Data Science Laboratory System - Testing the Text Tools and Sample Data

This is the second in a series on setting up a Data Science Laboratory server – the first is located here. My plan is to set up a system that allows me to install and test, and experiment with, various methods to store, process and deliver data. These systems range from simple text manipulation to Relational Databases and distributed file and compute environments. Where possible, I will install and configure both the platforms and code locally, while still leveraging a “cloud” platform. My goal is to work with the following types of data systems:

Text Systems
Interactive Data Tools
Programming and Scripting Languages
Relational Database Management Systems
Key/Value Pair
Document Store Databases
Graph Databases
Object-Oriented Databases
Distributed File and Compute Data Handling Systems

I’ll repeat a disclaimer I made in the previous article:

Note: In this article and the ones that follow the information presented is not an endorsement or recommendation to use any particular vendor, software or platform; it is an explanation of the factors that influenced my choices. You can choose any other platform, cloud provider or other software that you like – the only requirement is that it fits your needs. As I always say – use what works for you. You can examine the choices I’ve made here, change the decisions to fit your needs and come up with your own system. The choices here are illustrative only, and not meant to sell you on a software package or vendor.

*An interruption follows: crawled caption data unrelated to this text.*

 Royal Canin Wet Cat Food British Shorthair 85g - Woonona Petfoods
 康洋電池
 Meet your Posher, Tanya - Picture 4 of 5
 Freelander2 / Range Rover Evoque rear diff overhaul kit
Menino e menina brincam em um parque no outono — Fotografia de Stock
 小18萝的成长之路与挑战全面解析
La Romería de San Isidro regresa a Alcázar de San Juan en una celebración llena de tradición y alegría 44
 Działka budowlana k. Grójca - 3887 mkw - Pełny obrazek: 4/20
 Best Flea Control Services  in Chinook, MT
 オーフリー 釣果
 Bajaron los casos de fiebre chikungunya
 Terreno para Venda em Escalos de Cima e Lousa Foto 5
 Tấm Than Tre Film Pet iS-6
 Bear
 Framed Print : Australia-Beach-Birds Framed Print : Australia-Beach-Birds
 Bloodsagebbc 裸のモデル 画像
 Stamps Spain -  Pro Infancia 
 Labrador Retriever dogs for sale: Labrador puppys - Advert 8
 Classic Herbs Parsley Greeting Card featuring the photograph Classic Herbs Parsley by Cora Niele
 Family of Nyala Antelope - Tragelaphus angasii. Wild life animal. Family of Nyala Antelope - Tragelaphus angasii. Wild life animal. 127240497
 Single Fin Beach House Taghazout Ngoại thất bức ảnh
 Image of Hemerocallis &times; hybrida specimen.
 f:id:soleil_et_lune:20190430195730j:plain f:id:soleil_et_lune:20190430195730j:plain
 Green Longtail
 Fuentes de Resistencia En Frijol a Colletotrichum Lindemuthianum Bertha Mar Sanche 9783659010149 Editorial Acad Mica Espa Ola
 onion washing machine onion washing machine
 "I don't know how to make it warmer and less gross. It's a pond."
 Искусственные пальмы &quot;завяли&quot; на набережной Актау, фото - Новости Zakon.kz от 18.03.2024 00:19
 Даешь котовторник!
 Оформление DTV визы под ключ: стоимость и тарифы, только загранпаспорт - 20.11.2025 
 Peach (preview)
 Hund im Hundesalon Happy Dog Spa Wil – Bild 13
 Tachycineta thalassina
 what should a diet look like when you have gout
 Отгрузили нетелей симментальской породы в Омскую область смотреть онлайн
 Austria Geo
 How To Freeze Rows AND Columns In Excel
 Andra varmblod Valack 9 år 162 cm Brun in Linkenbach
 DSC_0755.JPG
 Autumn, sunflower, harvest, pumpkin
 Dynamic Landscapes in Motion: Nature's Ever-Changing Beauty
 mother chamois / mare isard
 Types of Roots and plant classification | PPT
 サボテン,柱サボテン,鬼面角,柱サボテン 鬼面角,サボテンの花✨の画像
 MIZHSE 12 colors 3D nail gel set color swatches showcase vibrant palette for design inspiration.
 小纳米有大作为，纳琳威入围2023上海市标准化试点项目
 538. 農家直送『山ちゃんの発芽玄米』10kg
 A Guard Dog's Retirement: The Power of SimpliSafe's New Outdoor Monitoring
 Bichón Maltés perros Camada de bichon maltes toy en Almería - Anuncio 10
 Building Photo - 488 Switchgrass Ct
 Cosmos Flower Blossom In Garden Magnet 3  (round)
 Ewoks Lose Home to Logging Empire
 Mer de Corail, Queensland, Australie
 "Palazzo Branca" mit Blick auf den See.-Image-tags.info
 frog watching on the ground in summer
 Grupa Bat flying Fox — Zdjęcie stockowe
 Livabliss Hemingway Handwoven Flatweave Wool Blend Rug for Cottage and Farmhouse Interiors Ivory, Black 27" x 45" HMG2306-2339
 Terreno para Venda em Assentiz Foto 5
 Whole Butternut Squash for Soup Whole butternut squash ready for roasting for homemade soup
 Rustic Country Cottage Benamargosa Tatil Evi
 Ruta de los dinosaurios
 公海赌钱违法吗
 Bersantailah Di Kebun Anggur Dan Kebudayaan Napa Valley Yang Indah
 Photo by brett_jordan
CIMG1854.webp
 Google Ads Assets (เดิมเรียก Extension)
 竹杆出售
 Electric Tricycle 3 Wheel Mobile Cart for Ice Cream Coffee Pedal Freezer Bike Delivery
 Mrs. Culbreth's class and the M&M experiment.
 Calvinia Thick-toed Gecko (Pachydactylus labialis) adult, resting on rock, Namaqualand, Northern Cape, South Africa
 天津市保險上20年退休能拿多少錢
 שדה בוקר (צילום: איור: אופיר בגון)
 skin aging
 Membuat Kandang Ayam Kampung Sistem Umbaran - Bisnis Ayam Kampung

In the previous article I explained my choices for the platform and the operating system, and I also covered a few tools that I selected for text-based data interaction. In this article, I thought it would make sense to demonstrate some of those text-based tools. This series isn’t intended to be a full tutorial on how to use each of the tools I cover – but examples are essential for some types of learning, so I’ll include them from time to time. It helps to set context with concrete examples.

The purpose of this system is to learn – and to that end, I’ll explain some of the examples I use to do that. There is no substitute for reading up on the tools you install, and experimenting with them until you’re comfortable with what they do. Only then will you know which tool(s) to use to solve a given problem set. Along the way, you should make sure you follow a scientific process of documenting your controls and variables, so that others can repeat and verify your work. Also ensure that you document the experiments carefully. That documentation serves to educate others – you could even place it in a blog for quick retrieval and wide publication.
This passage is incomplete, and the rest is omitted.